January 28, 2012 5 comments

Black woman standing in front of house with hand on hip.Summary:
Blanche’s employers failed to pay her on time, and now she has some bad checks.  She had no idea that bouncing a few checks would land her with a 30 day jail sentence, though, so when she gets the chance, Blanche goes on the lam.  She decides to take a temporary job she had originally decided against as a way to hide out.  She’s going to be the help for a family on a week-long vacation in the countryside.  Naturally, things can never be simple, and Blanche starts to suspect one of the family members is a murderer.

Review:
It’s hard to believe Amy and I are on our penultimate book for the project, not to mention the final fiction book on the list.  And what a book!  If I had to pick one of the fiction books we read to hand to fans of The Help to get a much more real representation of black women in domestic service, this is definitely the book I would hand them.

Somehow this tiny mystery novel (called a Kriminalroman in German, which I think sounds much better) manages to cover pretty much every aspect of black female domestic workers’ lives that we’ve discussed throughout the project.  Blanche faces: police and criminal justice prejudice, stinginess on the part of wealthy employers, rape at the hands of a white male employer, classism, employers’ racist attempts to control her body, non-traditional family structure, and much much more.  Yet facing all of those odds, Blanche remains determined and strong.  She is not someone who needs OR wants a white woman (or man) to come along and rescue her.  I think Blanche’s personality is best summed-up here:

She always returned to domestic work. For all the chatelaine fantasies of some of the women for whom she worked, she was really her own boss, and her clients knew it. She was the expert. She ordered her employers’ lives, not the other way around.
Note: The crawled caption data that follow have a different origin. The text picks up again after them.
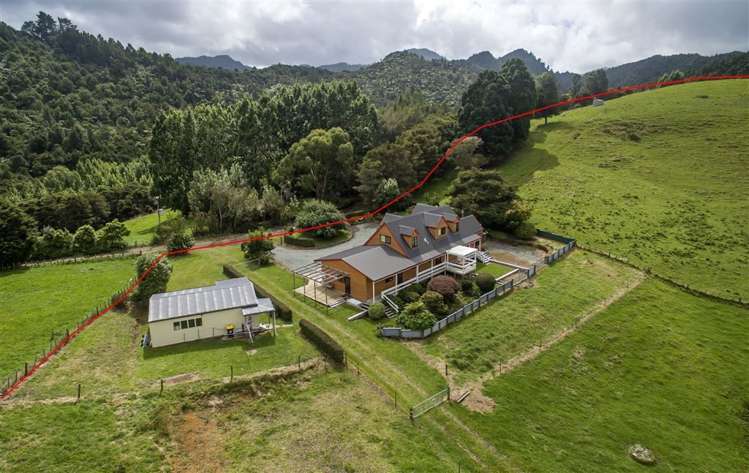 102 Wires Road Hikutaia_30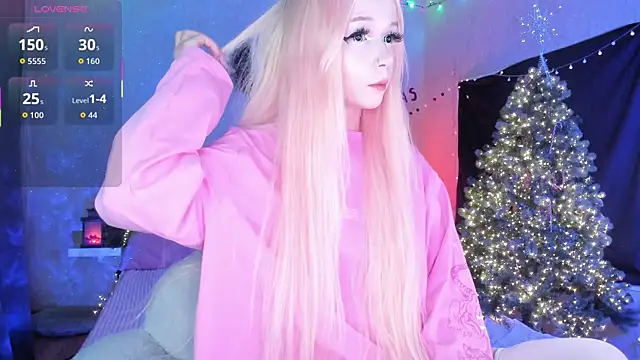 Snapshot of Misty_Shadow chatting on 01.09.26 Misty Shadow online show from 01.09.26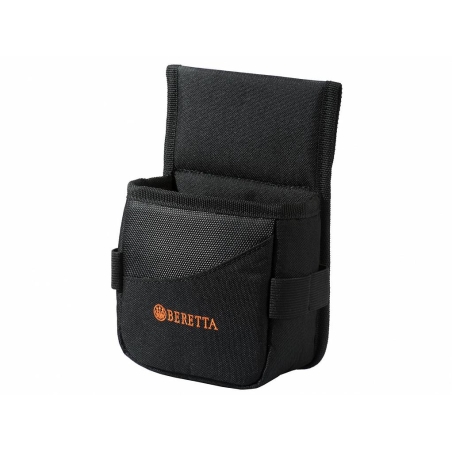 BERETTA POCHETTE BSL20
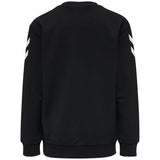 Hummel Black Box Sweatshirt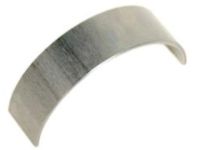 OEM 2016 Ram 1500 Bearing-Connecting Rod - 5184113AF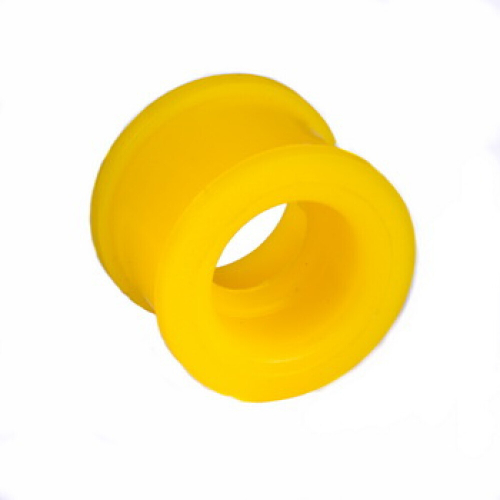 Полиуретановая втулка передней подвески, стойки стабилизатора (2 шт.), Точка опоры.22-02-2568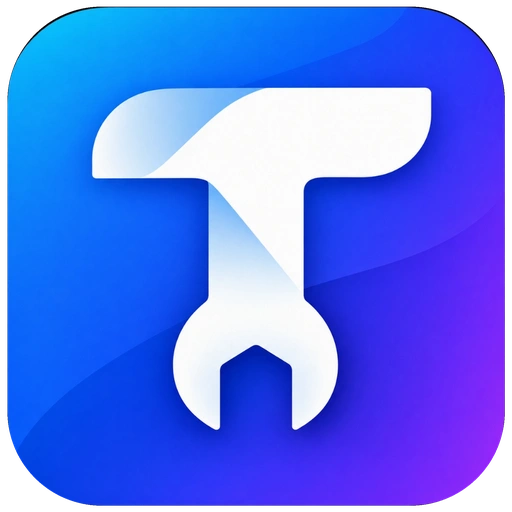PFT Score Calculator Logo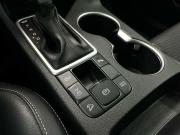Kia Sportage IV Ростов-на-Дону  - изображение 39
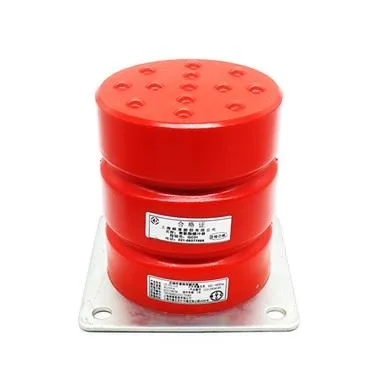 Elevator Buffer LD-HC-L3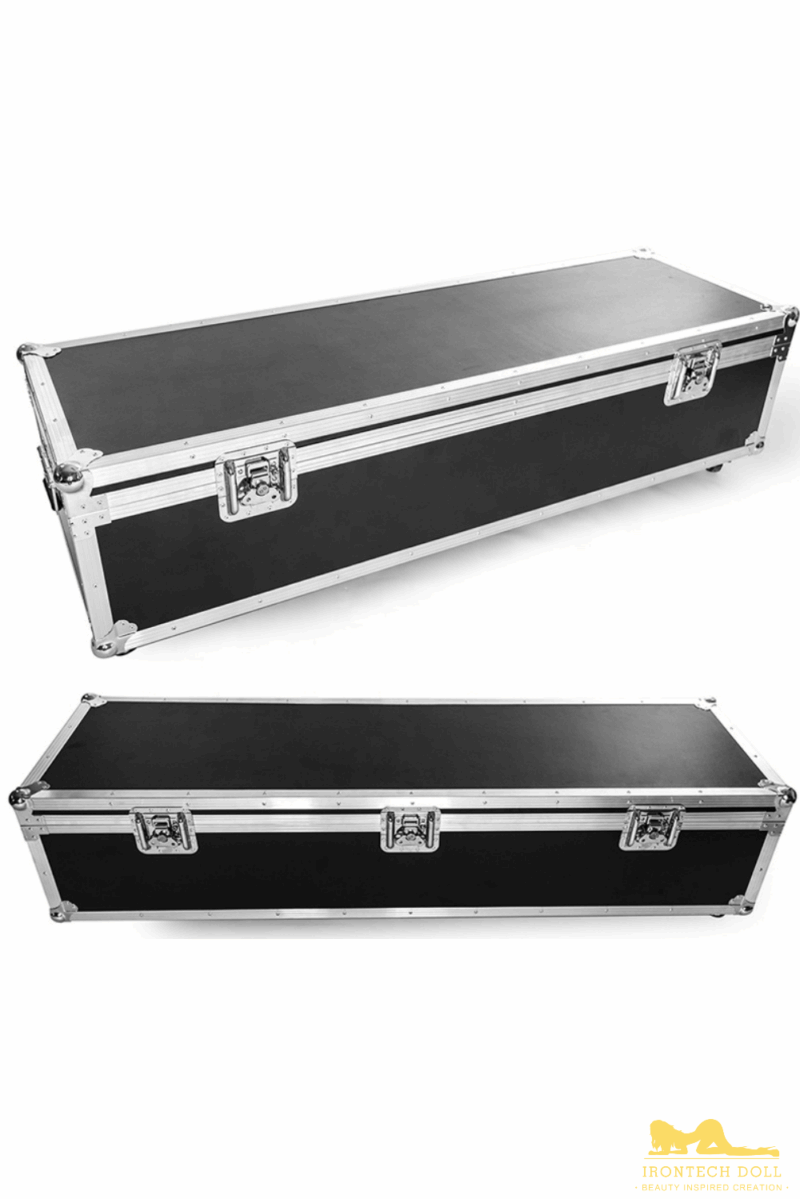 flight-case.png Sex Doll Flight Case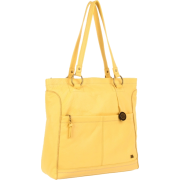 The SAK Iris Tote Sunlight - Hand bag - $81.75 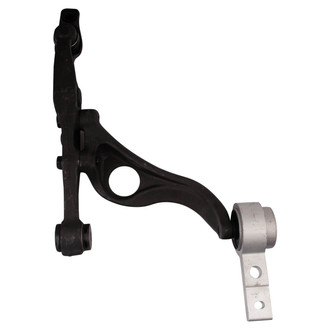 TRQ® - Front Passenger Side Lower Control Arm and Ball Joint Assembly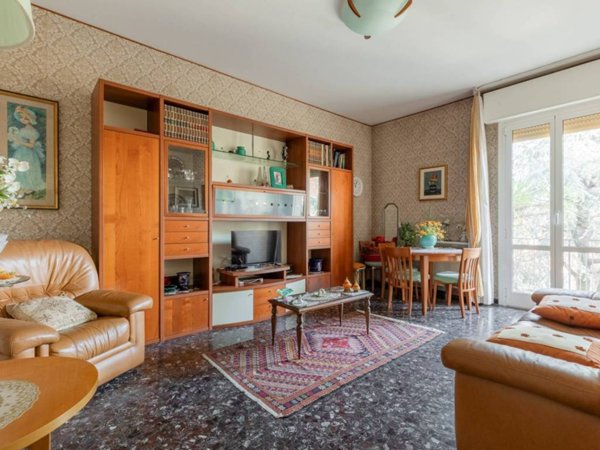 appartamento in vendita a Bologna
She told them when they had to be out of the way, when she would work, and when she wouldn’t. (page 86)

That’s one of the wonderful things about this book.  It turns the whole white woman saving the help thing from The Help on its head.  Blanche is the one who saves the white family in this book, and then she refuses to accept help from them in return, beyond clearing up her ridiculously unfair legal troubles.  Instead of taking a cushy job with them, she leaves, because she is her own woman.
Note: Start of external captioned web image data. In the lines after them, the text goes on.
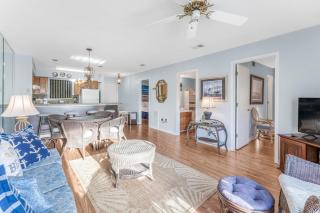 Bayview 55 by Vacation Homes Collection - Orange Beach - 4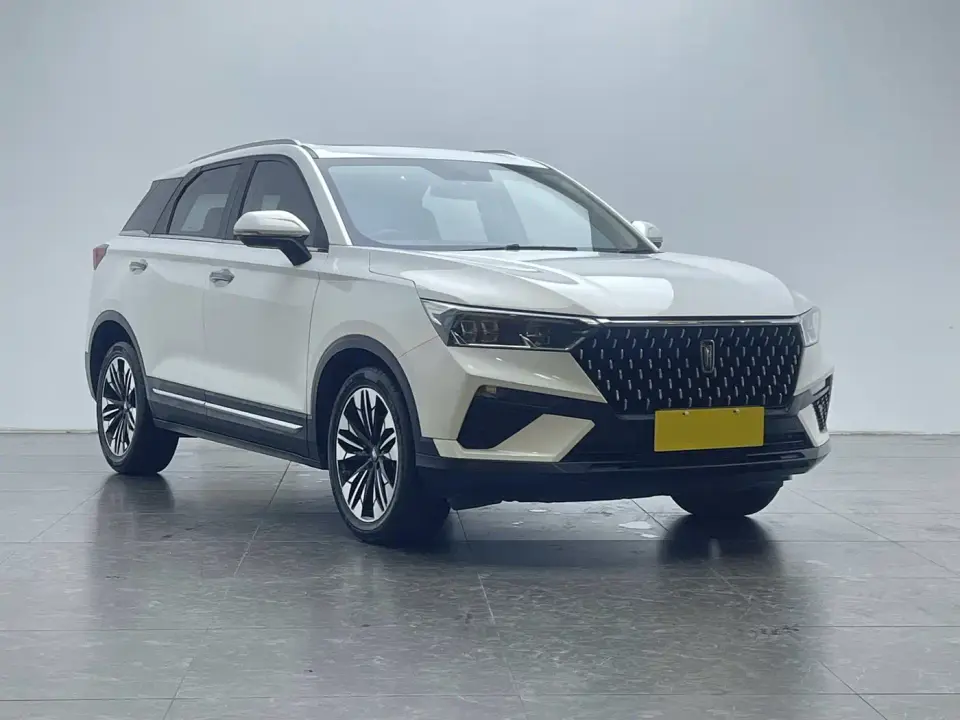Besturn Bestune T77 PRO 280 TID Automatic Luxury 2021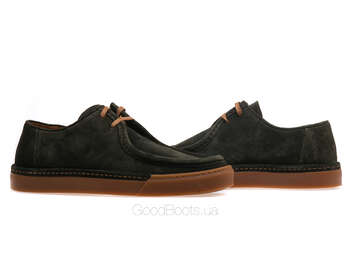 CONHPOL CA0C-X450-1503-00P28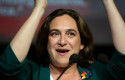 ep elecciones 26m 2019 seguimientoresultadosbarcelonacomu ep elecciones 26m 2019 seguimientoresultadosbarcelonacomu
Now, all of that said, I was personally a bit distracted from the race and class issues in this book due to the presence of the character Mumsfield.  Mumsfield is the cousin of the sinister family members, and he has Down’s Syndrome.  I don’t think all of my readers know this, but my niece has Down’s, so I certainly am a bit sensitive to the portrayal of it in literature.  Knowing and loving a person with Down’s removes a lot of the misperceptions of it that exist in the world.  At first, I was concerned that Neely had fallen for these things.  Mumsfield at first seems too trusting, too caring, a real simpleton.  But by the end of the book, Blanche realizes that she hadn’t really listened to what Mumsfield was actually saying earlier in the week.  If she had, she would have realized that while Mumsfield is kind and giving, he’s not stupid.  Knowing Mumsfield also helps Blanche see that her experiences as a black woman in America have made her racist against white people, when not all of them are bad.  Thus, I am pleased to report that Mumsfield is actually an accurate and positive portrayal of people with Down’s.
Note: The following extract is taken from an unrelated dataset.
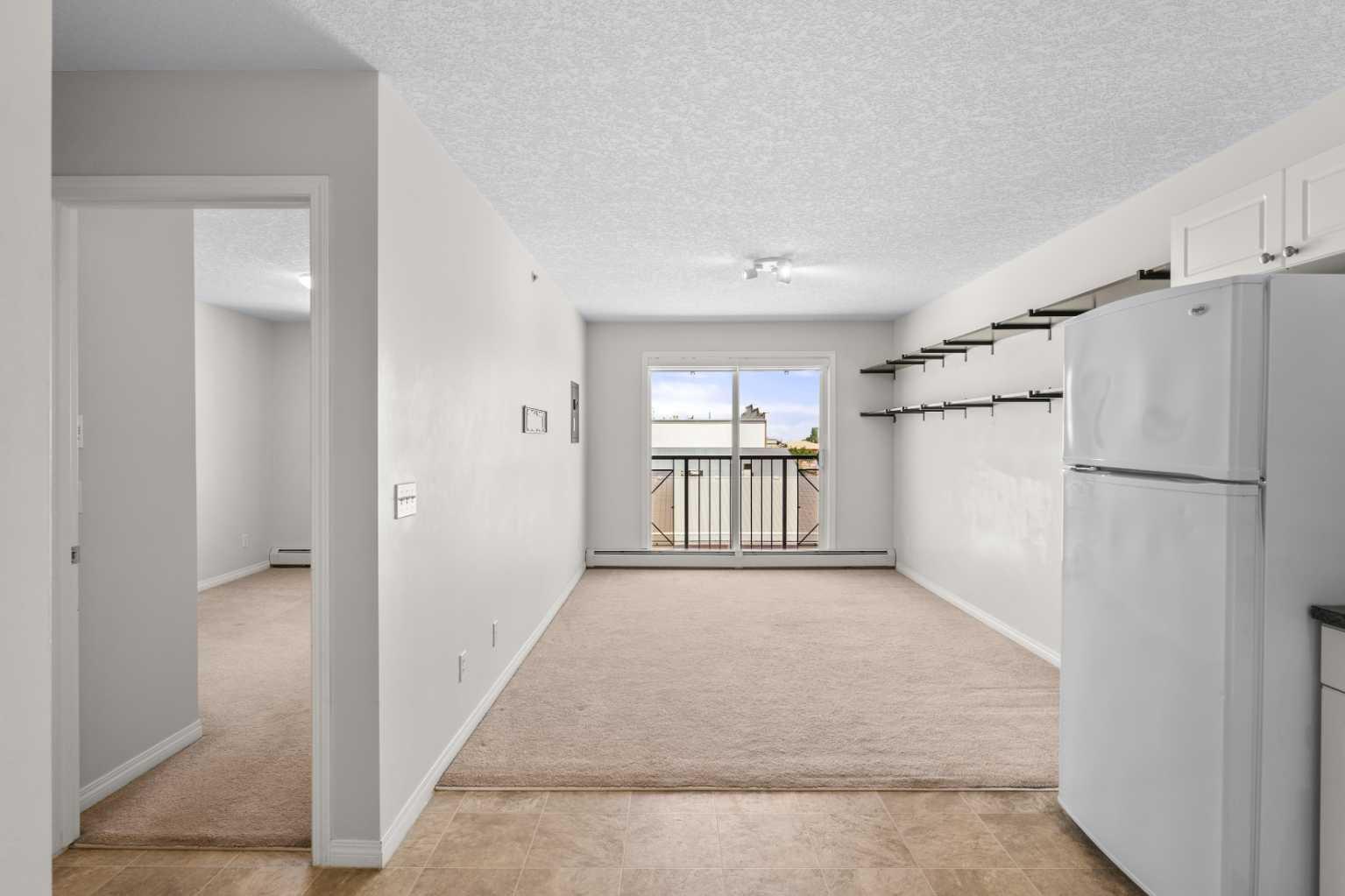 1010 Railway Street 308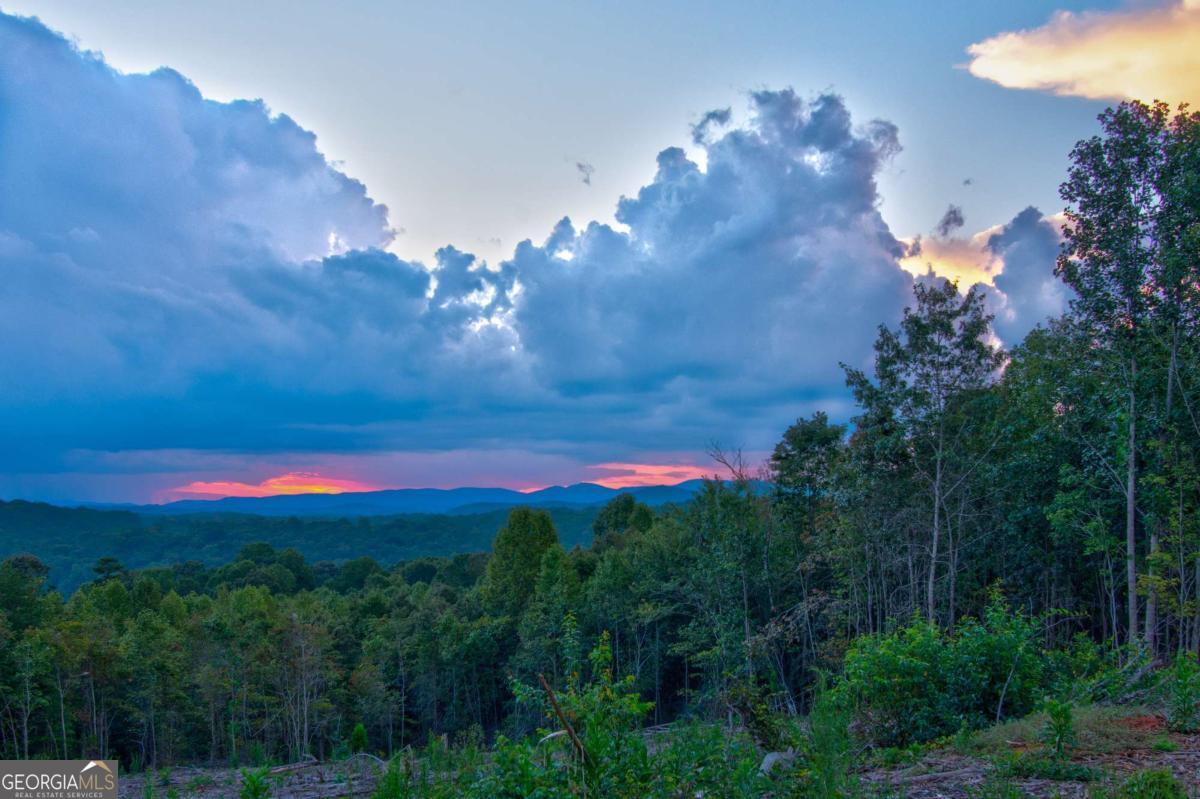 6.7 Grateful View Drive Property Photo 9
Now, I will say, personally I’m not generally into the typical mystery novel.  I like to get my genre reading from urban fantasy, pnr, and cozies.  I am well aware, though, that a lot of people love this kind of book, and it is definitely well-done.  It has all of the well-loved aspects of the genre, plus manages to address race, class, and even Down’s Syndrome.  It is absolutely a worthwhile read.

3 out of 5 stars

Length: 215 pages – average but on the shorter side

Source: Library

Buy It (Amazon or Bookshop.org)

Discussion Questions:

  • How do you feel about Blanche’s initial jail sentence and her decision to go on the lam?
  • Blanche sees Mumsfield as an exception to the rule when it comes to white people, aka it’s unusual for them to be kind.  Do you think this is an unfair assessment?
  • Blanche assesses her caring for Mumsfield as a symptom of “Darkies Disease” aka when the help start acting like the idealized Mammies.  What do you think of this assessment?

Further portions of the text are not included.